Researchers in Spain have published a longitudinal study assessing the infection dynamics of Porcine Circovirus 3 (PCV3) in healthy commercial farms in Spain.

The study was carried out by researchers connected to the Catalan research centre CReSA-IRTA, in Spain, who published it in the Veterinary Record. For the 1st time, the study assesses the dynamics of Porcine Circovirus, type 3 infection in farms of healthy pigs without clinical symptoms.

Viral genome in all tested farms and ages

The researchers detected viral genome in all farms and all tested ages. Some of the animals had an apparent long-term infection during 4 to 23 weeks. The phylogenetic analysis showed that the 8 partial sequences obtained specifically from 6 animals had a high similarity at the nucleotide level, also when compared with genomes available in the GenBank dataset.

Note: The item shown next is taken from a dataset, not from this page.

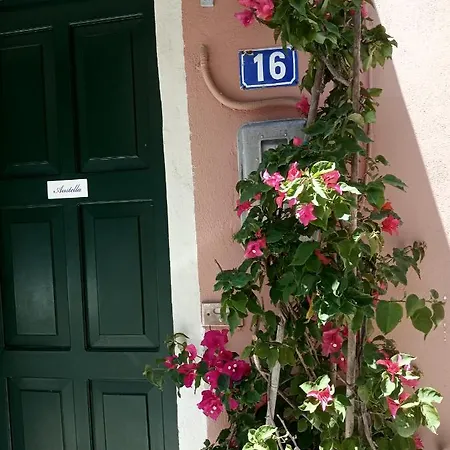 Nephele - Corfu Apartment *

The researchers wrote: “Although a particular general infection dynamics pattern was not able to be ascertained, the obtained data confirmed that PCV3 circulated in the chosen clinically healthy farms at all tested ages and most pigs got infection during their lifetime.”

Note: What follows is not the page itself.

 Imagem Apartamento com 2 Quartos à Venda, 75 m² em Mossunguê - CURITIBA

They added: “Most pigs got infection during their life, although PCV3 did not appear to be linked with any specific age.”

The PCV family of viruses

Porcine circoviruses (PCVs) are viruses that belong to the family Circoviridae, genus Circovirus. Until 2015, only 2 species of PCVs that affected pigs were known: PCV1, a non-pathogenic virus, and PCV2, a pathogen that was devastating for the swine industry and now is controlled by vaccination. The 3rd species member of the genus Circovirus able to infect swine, PCV3, was first discovered in 2016 in the USA in pigs suffering from cardiac and multisystemic inflammation and in farms whose animals had reproductive failure.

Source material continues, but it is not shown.